The Court has jurisdiction to hear an appeal from the Bankruptcy Court pursuant to 28 U.S.C. § 158(a). On appeal, a district court may affirm, modify, or reverse a bankruptcy judge's judgment, order, or decree; or remand with instructions for further proceedings. Fed. R. Bankr. P. 8013. A district court must accept the bankruptcy court's factual determinations unless they are clearly erroneous. In re Morrissey, 717 F.2d 100, 104 (3d Cir. 1983). A factual determination must be accepted unless it is either "completely devoid of minimum evidentiary support" or "bears no rational relationship to the supportive evidentiary data." Hoots v.

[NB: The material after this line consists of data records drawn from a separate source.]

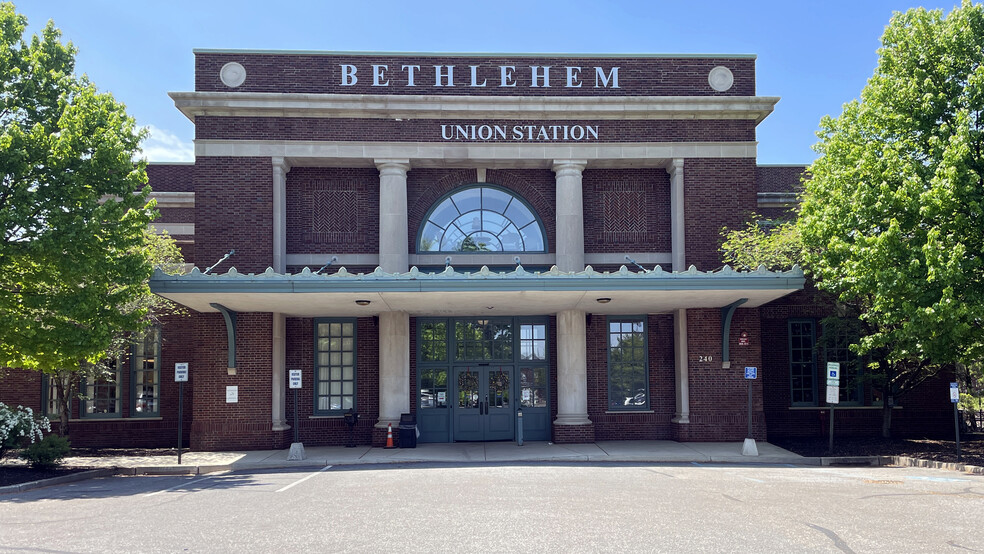 Primary Photo Of 240 Union Station Plz, Bethlehem Office For Sale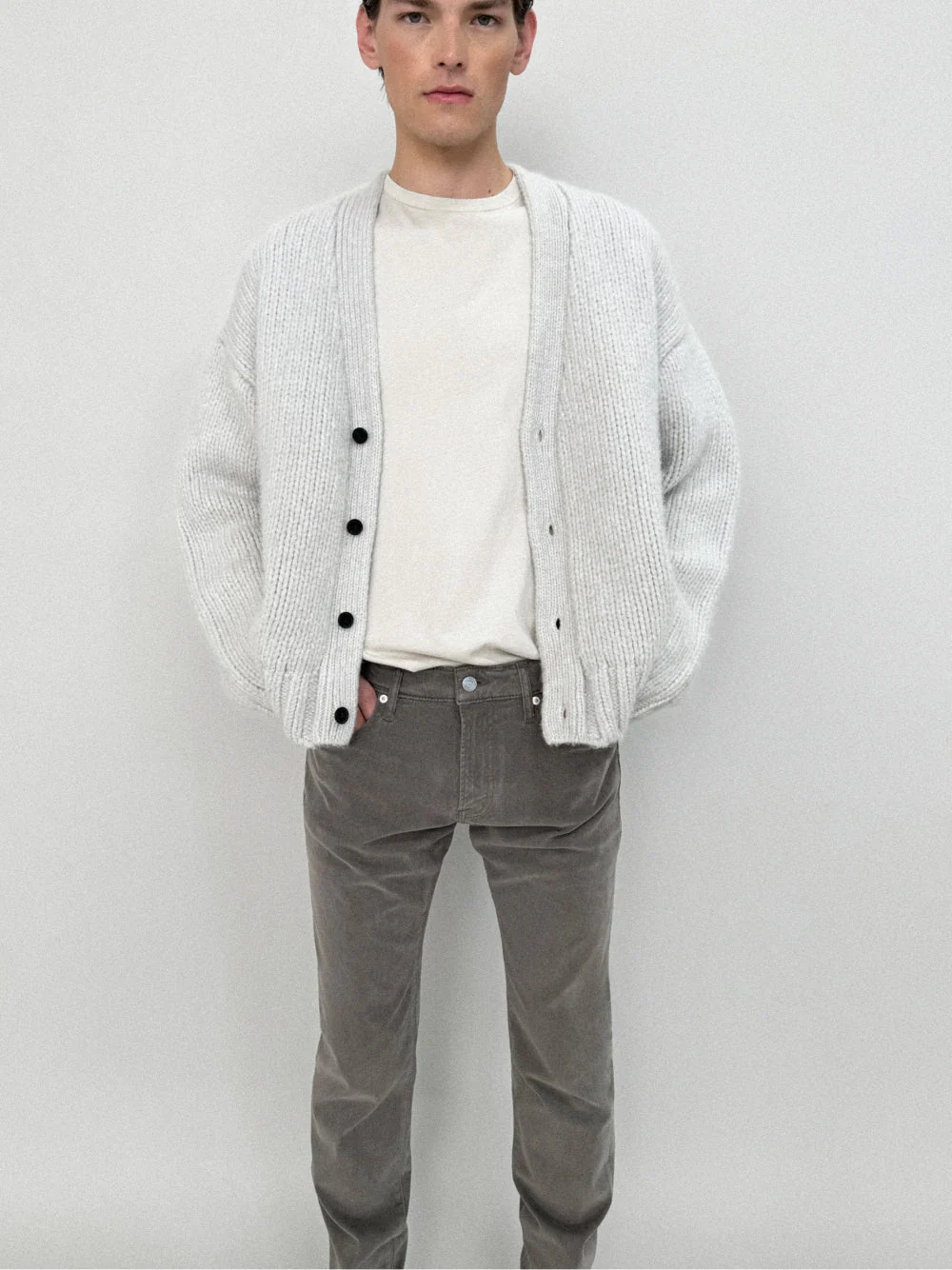 L'Homme Slim Brushed Twill -- Mocha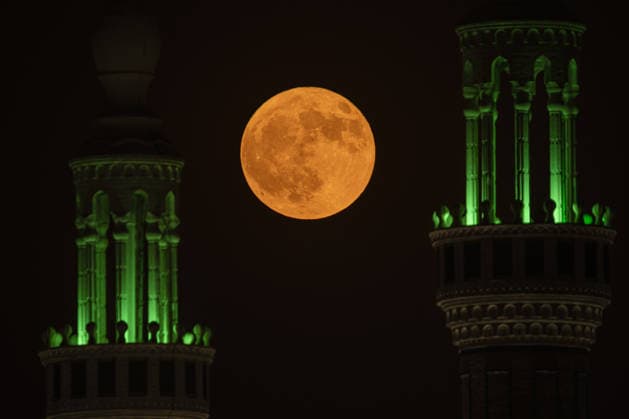 Full moon rises above Erbil ERBIL, IRAQ - JULY 29: Full moon rises in the evening sky creating a scenic view alongside the minaret of Jalil Khayat Mosque in Erbil, Iraq, on July 29, 2026. Ahsan Mohammed Ahmed Ahmed Anadolu Erbil Iraq. Editorial use only. Please get in touch for any other usage.  Copyright: x2026xAnadoluxAhsanxMohammedxAhmedxAhmedx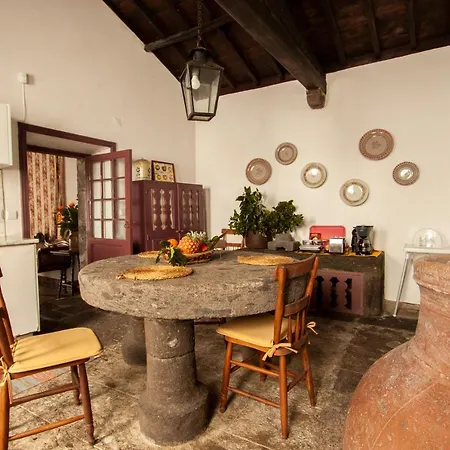 Сasa de vacaciones Casa Senhora Necessidades Ponta Delgada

Pennsylvania, 703 F.2d 722, 725 (3d Cir. 1983). The review of issues of law is plenary. See Jones v. Chemetron Corp., 212 F.3d 199, 204-05 (3d Cir. 2000). Decisions which involve the exercise of discretion are reviewed for abuse of discretion. See In re Myers, 334 B.R. 136, 142 (E.D. Pa. 2005).

A district court's review of a bankruptcy court's denial of motions for reconsideration pursuant to Fed. R. Civ. P. 59(e) and 60(b) are reviewed for abuse of discretion. See McDowell v. Phila. Hous. Auth., 423 F.3d 233, 238 (3d Cir. 2005) (denial of Rule 59(e) motion); Brown v. Phila. Hous. Auth., 350 F.3d 338, 342 (3d Cir. 2003) (denial of Rule 60(b) motion). "An abuse of discretion may occur as a result of an errant conclusion of law, an improper application of law to fact, or a clearly erroneous finding of fact." McDowell, 423 F.3d at 238. A decision constitutes an abuse of discretion only when no reasonable person could agree with it. Rode v. Dellarciprete, 892 F.2d 1177, 1182 (3d Cir. 1990).

III. ANALYSIS

Debtor contends that the Bankruptcy Court committed reversible error when it denied her objections to the Fee Order on timeliness grounds. She first argues that the Bankruptcy Court's Fee Order should have been deemed void because the Trustee's audit hearing notice and the Bankruptcy Court's Fee Order were sent to her old address, thus denying her adequate notice. She further asserts that the Bankruptcy Court should have granted her leave to file a Notice of Appeal to the Fee Order out of time on the basis of excusable neglect. Finally, Debtor argues that the Bankruptcy Court should have considered newly submitted evidence of a prior change of address request.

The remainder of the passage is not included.